The parrot didn't talk but sometimes blathered, Mrs Field once said. Unlike Olive Field, Horrocks also liked to slide down the bannister first thing in the morning. Though the hall deteriorated rapidly after her husband's death in 1957, it was also used by Yorkshire Television in the early 1970s as the setting for a "tenants' dinner" in the celebrated film about Hannah Hauxwell.

"The television people have arrived, Madam," announced Lancaster.

"Well tell them to fix the bloody thing," said Mrs Field.

She'd been born in Ireland, one of 12, her father a former aide-de-camp to General Robert E Lee.

She met Norman Field on Lord Vesty's yacht, lived from 1908 to 1918 in Morris Grange, near Scotch Corner, which the family gave subsequently to be a home for tubercular children from Middlesbrough.

Norman Field, his family American department store owners, had been educated at Eton, became master of the college beagles, bought the nearby Streatlam castle and estate as well as Lartington and bred the Derby winner Enfield.

His wife spent 27 years as Master of Lartington Harriers, had many years service on North Riding and Startforth councils - sometimes mildly miffed when staff declined to be tipped for their trouble - was chairman of Greta Bridge magistrates and gave much time and money to her charities.

"I do frighten people, I think it's my deep voice," she once told the column. "People who know me don't take any notice."

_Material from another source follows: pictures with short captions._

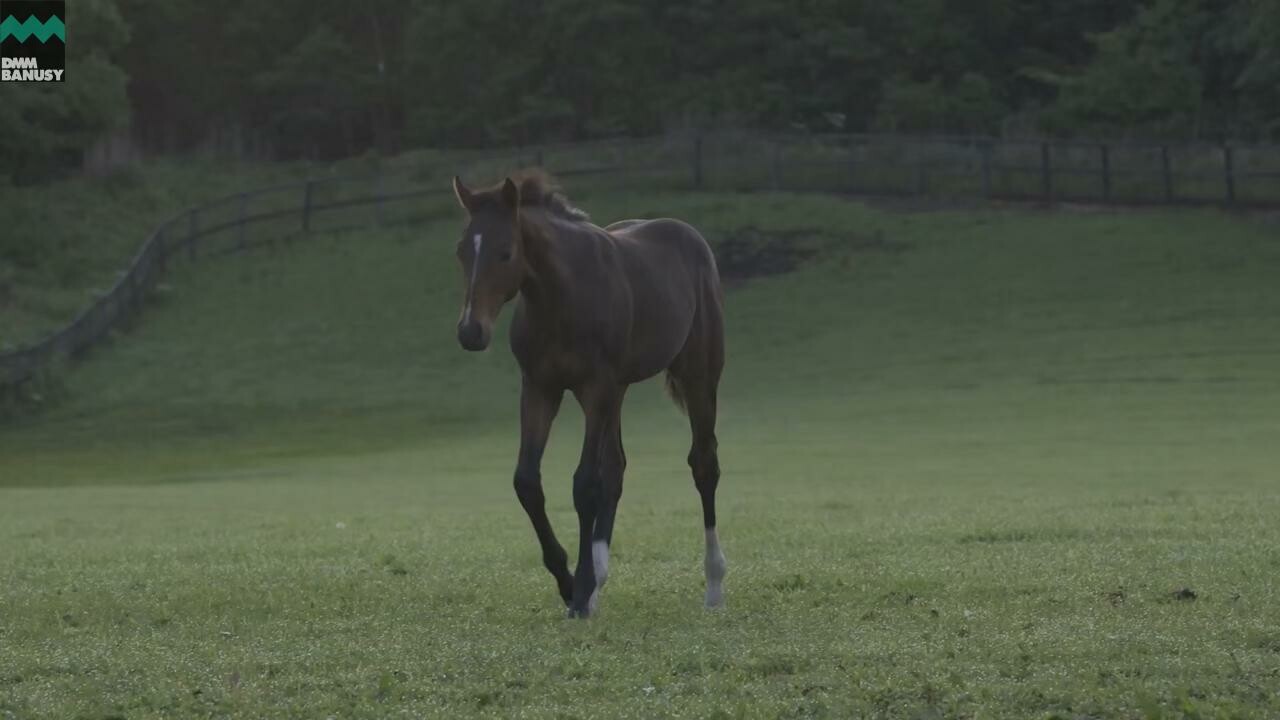 ドリームインパクト PV2017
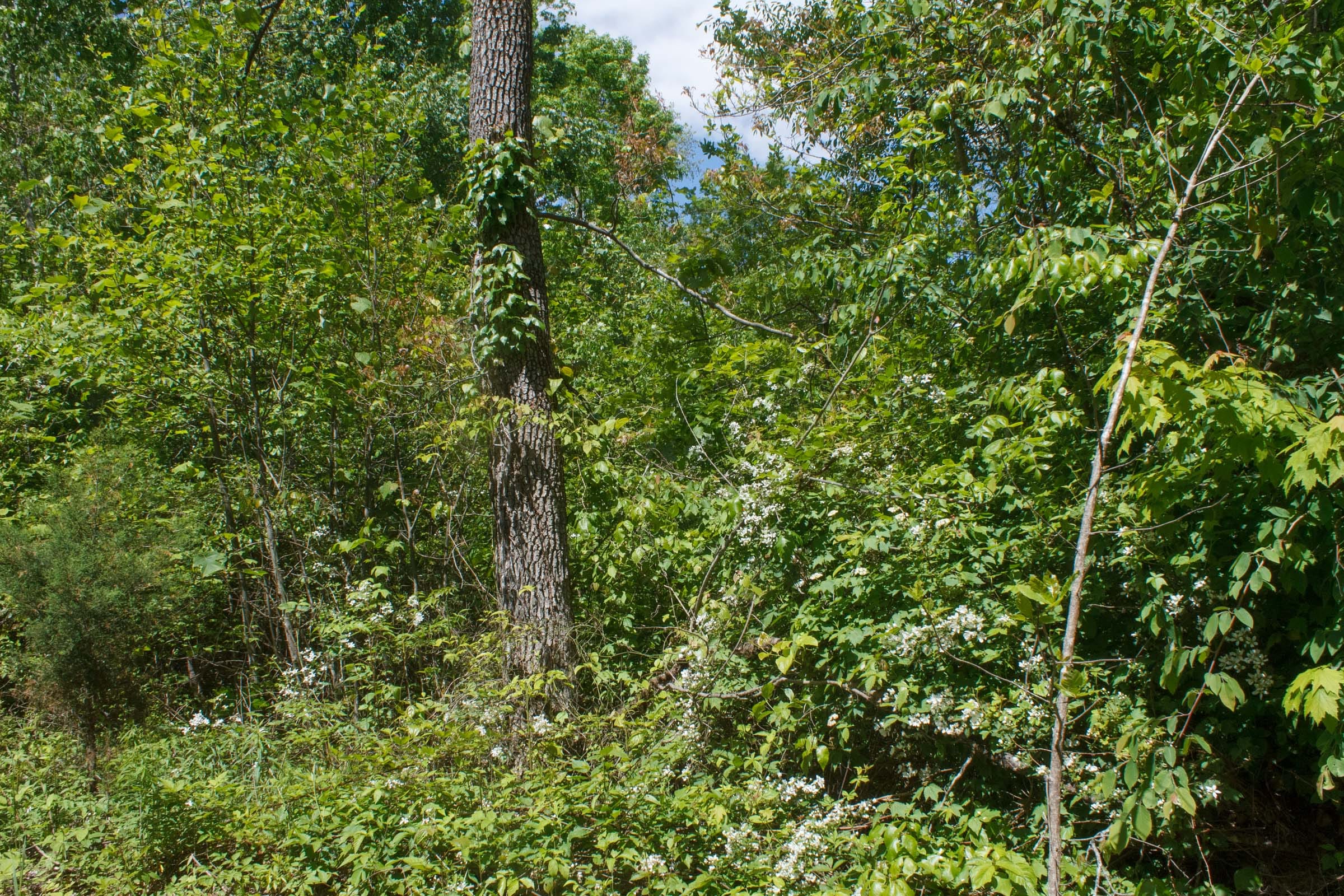 Riverbend Tract 7 photo 10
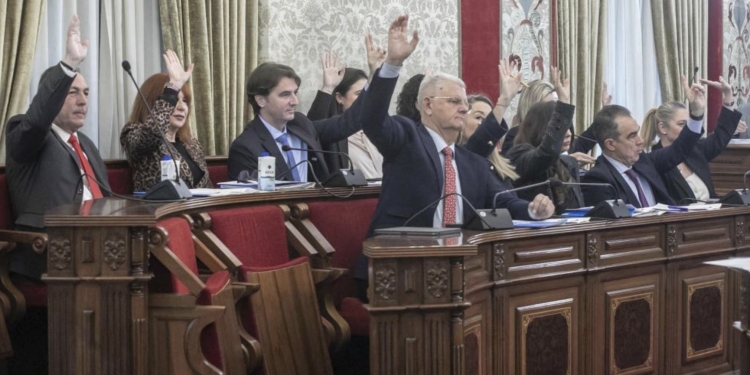 Luz verde en el Pleno a la modificación de la Ordenanza de Vía Pública de Alicante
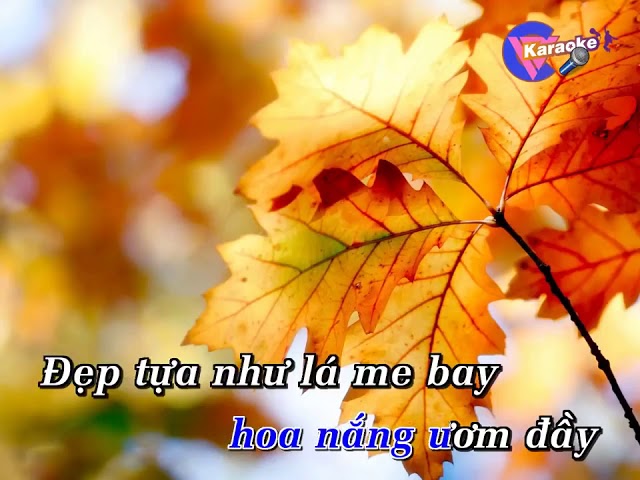 Karaoke Vùng Lá Me Bay – Như Quỳnh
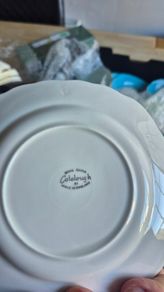 Bone China 10 e per piece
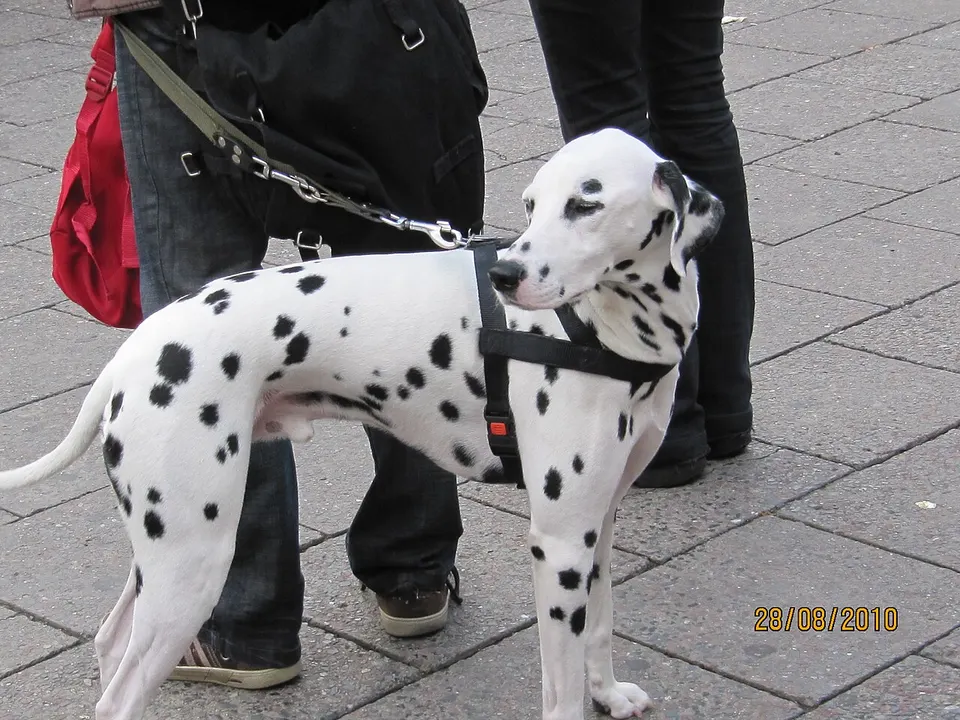 Dalmatian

She was also known for her enormous cars - and for sometimes making rude gestures from the back of them - but during wartime petrol rationing was spied riding a bike through the village.

"Come here quick, mum. See what Hitler's done to Mrs Field," a Teesdale urchin infamously observed.

The hall, a Red Cross convalescent home during the war, was itself in need of much care and attention thereafter. In the cellar, Robin Rackham even found a 1920s tin of truffles and a Fortnum and Mason cake of the same vintage.

Mrs Field left the hall to the Disabled Drivers Association, another of her favoured causes, who took a look and gave it back again.

We'd met her again in 1971 - "Don't make me out to be a silly ass," she instructed - when she admitted that the locals seemed to quite like her.

It was rather odd of them, she added.

She, her driver and her nurse were killed in a road accident in Coniscliffe Road, Darlington in 1973. The extraordinary Mrs Field was 87.

STRAWS in the wind, perhaps, but on the weekend that the Sunday Times reported that an action group called Motorists Action Detection - MAD, for short - has been sabotaging speed cameras, the Darlington & Stockton Times noted something rather similar.

The MAD men, said to have a cell in Newcastle, are reportedly furious at the growth in speed camera cops and at their expected trebling by 2004.

In the quiet North Yorkshire village of Thornton-le-Beans, meanwhile, the annual scarecrow competition has been nobbled.

Judith Renton, third last year with Jack and the Beanstalk, has had her offering removed, damaged and dumped unceremoniously at the far end of the village.

The effigy was of a polliss with a speed gun.

FROM Sunday Times to D&S Times to Church Times, where much of this week's correspondence columns is filled with retorts to a priestly letter the previous week.

"Silly generalisation and trivialisation", "quite the opposite of the truth" - that sort of thing.

Though it was the first issue since the Church's fourth most senior cleric announced his retirement on Test Match Special, the Bishop of Durham warrants not so much as a mention.

Readers, of course, will already have guessed the identity of the priest amid the turbulence. He is the Rev Dr Peter Mullen.